Okay so maybe it wasn’t very much of an epiphany. But since I live in a community of society rejects I can’t help but notice the company I keep. And I know the hippies are only a slice of the durian pie.

*For further reading on the different types of expats, check out: Facepuncher’s Know Your Frarang. Thanks to Payap Blog for sending it to me.

9 replies on “Vegetarian expats (or MC Hammer wants his pants back)

  1. Hi Lani, when I'm in a wistful mood I think of expats as romantic types why just don't want to be Mr or Mrs Average in their home countries; as you say though, people come here for all types of reasons. The thing that scared me the most about living back in Europe was that I could see my path to the grave too clearly; job -marriage – retirement – death. Now that I’m living in Thailand I've no real idea about what the future has in store. One of the things that attracted me to consuming large quantities of alcohol on a daily basis was that it made life seem a bit less humdrum; living in Thailand is better for my sanity and for my liver 🙂 In recent years I’ve been learning to look at the world in a different way and so maybe I could now be happy back in the west – but I enjoy my life here now.

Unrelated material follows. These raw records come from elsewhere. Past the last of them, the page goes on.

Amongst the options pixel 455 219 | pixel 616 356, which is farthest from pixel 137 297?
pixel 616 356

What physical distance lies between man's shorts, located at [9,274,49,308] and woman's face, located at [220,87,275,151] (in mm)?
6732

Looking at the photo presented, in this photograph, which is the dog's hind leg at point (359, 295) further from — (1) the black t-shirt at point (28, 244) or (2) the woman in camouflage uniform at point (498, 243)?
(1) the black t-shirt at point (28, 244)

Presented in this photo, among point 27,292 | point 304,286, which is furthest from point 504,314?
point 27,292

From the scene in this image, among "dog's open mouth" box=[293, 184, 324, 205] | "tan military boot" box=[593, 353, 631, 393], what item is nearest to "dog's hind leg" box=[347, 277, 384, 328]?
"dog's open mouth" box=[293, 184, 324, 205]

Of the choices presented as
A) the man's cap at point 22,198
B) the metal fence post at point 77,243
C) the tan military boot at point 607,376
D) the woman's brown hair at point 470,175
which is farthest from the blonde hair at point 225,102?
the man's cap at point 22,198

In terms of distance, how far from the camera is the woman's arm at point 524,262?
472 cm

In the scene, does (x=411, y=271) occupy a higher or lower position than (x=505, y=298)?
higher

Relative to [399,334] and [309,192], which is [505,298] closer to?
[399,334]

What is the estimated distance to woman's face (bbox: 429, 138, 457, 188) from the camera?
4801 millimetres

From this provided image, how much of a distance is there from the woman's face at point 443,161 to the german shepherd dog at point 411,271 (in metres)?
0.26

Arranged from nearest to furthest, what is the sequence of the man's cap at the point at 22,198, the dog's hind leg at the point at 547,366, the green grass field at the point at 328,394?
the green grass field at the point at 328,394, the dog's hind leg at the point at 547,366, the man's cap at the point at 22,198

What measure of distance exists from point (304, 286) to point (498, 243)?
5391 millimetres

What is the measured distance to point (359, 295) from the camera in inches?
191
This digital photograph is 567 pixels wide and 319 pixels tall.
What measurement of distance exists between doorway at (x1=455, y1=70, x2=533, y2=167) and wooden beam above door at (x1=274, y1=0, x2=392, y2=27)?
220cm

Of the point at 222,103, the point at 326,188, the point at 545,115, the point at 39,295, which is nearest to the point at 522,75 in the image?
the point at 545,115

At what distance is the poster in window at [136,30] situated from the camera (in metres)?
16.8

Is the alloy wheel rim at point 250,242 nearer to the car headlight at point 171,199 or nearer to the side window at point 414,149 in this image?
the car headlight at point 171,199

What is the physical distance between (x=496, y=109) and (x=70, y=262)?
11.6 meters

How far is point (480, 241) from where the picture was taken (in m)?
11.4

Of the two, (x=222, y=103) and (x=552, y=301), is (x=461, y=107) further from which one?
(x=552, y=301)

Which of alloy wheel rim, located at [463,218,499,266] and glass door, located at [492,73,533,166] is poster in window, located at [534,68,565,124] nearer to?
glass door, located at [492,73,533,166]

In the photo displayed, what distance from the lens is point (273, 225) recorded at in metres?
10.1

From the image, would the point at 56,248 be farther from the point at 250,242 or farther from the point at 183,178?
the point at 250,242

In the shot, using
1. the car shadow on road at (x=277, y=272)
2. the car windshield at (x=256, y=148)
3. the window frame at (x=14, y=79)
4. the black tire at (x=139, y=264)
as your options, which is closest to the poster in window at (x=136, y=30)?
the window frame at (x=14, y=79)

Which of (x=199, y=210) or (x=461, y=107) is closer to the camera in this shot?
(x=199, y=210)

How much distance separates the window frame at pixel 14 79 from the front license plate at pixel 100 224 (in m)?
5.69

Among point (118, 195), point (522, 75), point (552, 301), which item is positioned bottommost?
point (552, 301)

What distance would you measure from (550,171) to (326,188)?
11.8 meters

  2. Lani, I like hippies, always have and I don't mind vegetarians unless they are pushy vegetarians but I absolutely can't abide vegans :)I agree whole heartedly with Paul…back home it was the same old viscous circle of work, bills and more work…the American Dream is a really wonderful tool of the slave masters.Likewise as my Thailand adventure unfurls I don't know what to expect and I kinda like that.Me, you and Snap….lunch soon 😉


  3. Lani…I have a real vegemite if you're interested. 'a New Australia *Shudder*', why whatever do you mean? 😉 Give it 200 years or so, it might just turn out OK!

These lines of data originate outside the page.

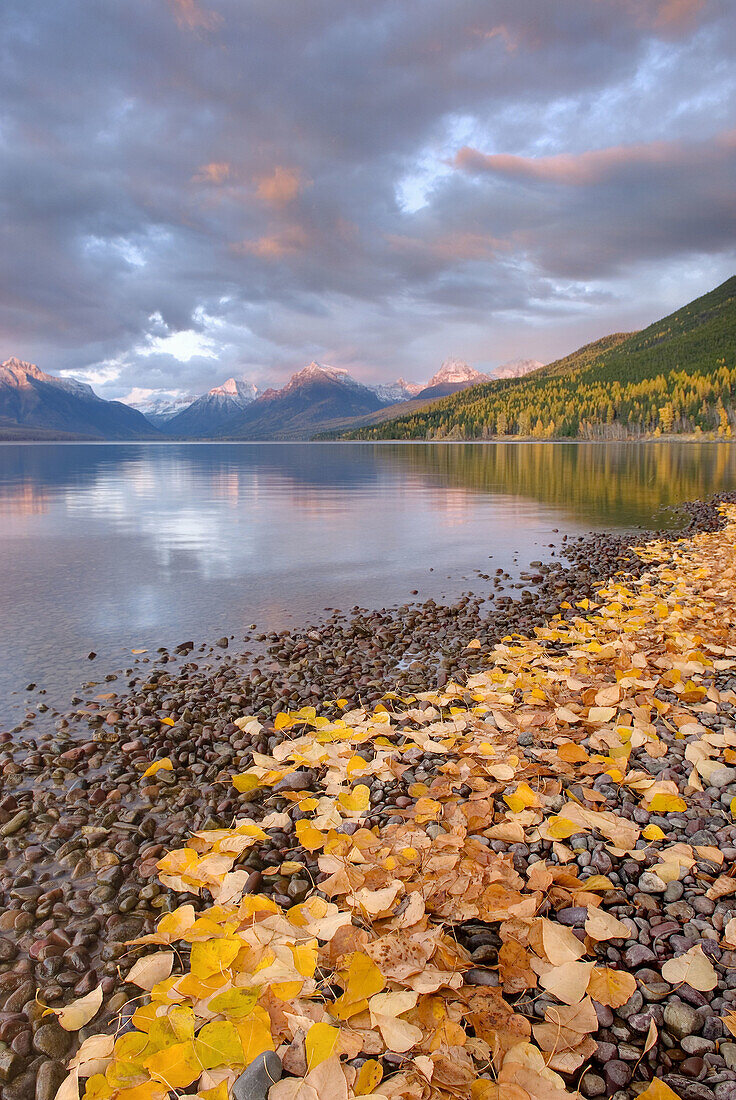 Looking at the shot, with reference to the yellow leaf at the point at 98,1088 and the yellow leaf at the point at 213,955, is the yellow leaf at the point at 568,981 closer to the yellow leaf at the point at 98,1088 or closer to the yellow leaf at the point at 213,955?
the yellow leaf at the point at 213,955

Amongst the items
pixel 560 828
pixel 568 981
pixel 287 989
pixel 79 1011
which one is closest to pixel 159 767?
pixel 79 1011

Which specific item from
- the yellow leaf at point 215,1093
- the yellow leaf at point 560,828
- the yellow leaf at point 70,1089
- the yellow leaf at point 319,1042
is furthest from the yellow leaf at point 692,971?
the yellow leaf at point 70,1089

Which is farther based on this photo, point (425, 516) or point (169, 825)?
point (425, 516)

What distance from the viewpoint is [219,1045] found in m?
3.58

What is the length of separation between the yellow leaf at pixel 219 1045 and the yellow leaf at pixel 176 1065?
0.15 ft

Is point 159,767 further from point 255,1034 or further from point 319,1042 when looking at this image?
point 319,1042

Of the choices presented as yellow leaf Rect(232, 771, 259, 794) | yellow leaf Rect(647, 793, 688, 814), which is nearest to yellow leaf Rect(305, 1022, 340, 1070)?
yellow leaf Rect(232, 771, 259, 794)

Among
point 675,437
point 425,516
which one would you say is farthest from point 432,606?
point 675,437

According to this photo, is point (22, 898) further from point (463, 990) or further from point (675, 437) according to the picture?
point (675, 437)

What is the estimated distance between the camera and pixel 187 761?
25.9ft

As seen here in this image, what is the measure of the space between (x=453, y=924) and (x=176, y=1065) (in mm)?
2043

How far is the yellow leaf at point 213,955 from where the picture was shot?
4156 millimetres

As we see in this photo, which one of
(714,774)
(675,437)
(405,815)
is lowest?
(405,815)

  4. Ms Lani…there's your first problem…vegemite is wheel lube (I think) and eating it will only cause hallucinations.Personally, I think that living in Thailand would be extremely “comfortable,” especially for older people. Modern health care, great food, and housing/transportation readily available at modest cost.Sure, there are exotic adventures for the adventurous, but if you just want to putter around the garden, read, or do your daily marketing, these more mundane activities could easily fill your days.Facepuncher [wonder how he got that nickname?!] has an interesting taxonomy for foreigners in Thailand, but I'm sure (?) he meant it to be mostly humorous, and not all inclusive.And, who doesn't like those Thai fisherman pants? I have a couple pair, and I've never even gone fishing in Thailand [so I've never had the occasion to actually wear those pants…].Great post!


  5. @Paul: I suppose you'd have to be in a wistful mood to feel romantic about some of the expats here. I mean I find it perfectly okay to say we're society rejects esp. if the society you left isn't something you want to be a part of.And I completely agree with your second paragraph. In States the future seemed more “certain” but overseas? “not so certain” and I like that. At least for now!


  6. @Talen: It's not about liking or disliking hippies. It's about poking fun. And of course, if I can't do that to myself then that's a problem too.Yes! Lunch soon. Email us when you are in town!!@Snap: I'll pass on the Veggie Mite 😛 but not on the idea of the New Australia in 200 years 😛


  7. @Harold: First of all, fisherman pants are not the same as MC Hammer/Pirates of the Caribbean pants. Although I don't know how anyone uses the toilet in them. In Thailand it seems like a logistical nightmare.I think there are those who find Thailand's lifestyle to be extremely comfortable and then there are those who seem to endlessly complain. Hmmm. Hallucinations eh? I think you might be on to something. Maybe that's why all those damn hippies like it so much 😛


  8. I like to poke fun at the hippies, too. Of course, my extreme conservative friends and family consider me a hippie because I didn't eat meat for a few years and I'm extremely liberal. But NO MC HAMMER PANTS!


  9. @Megan: OMG. Me too! My family is convinced I'm a hippie. My brother made some reference about me being a part of some drum circle!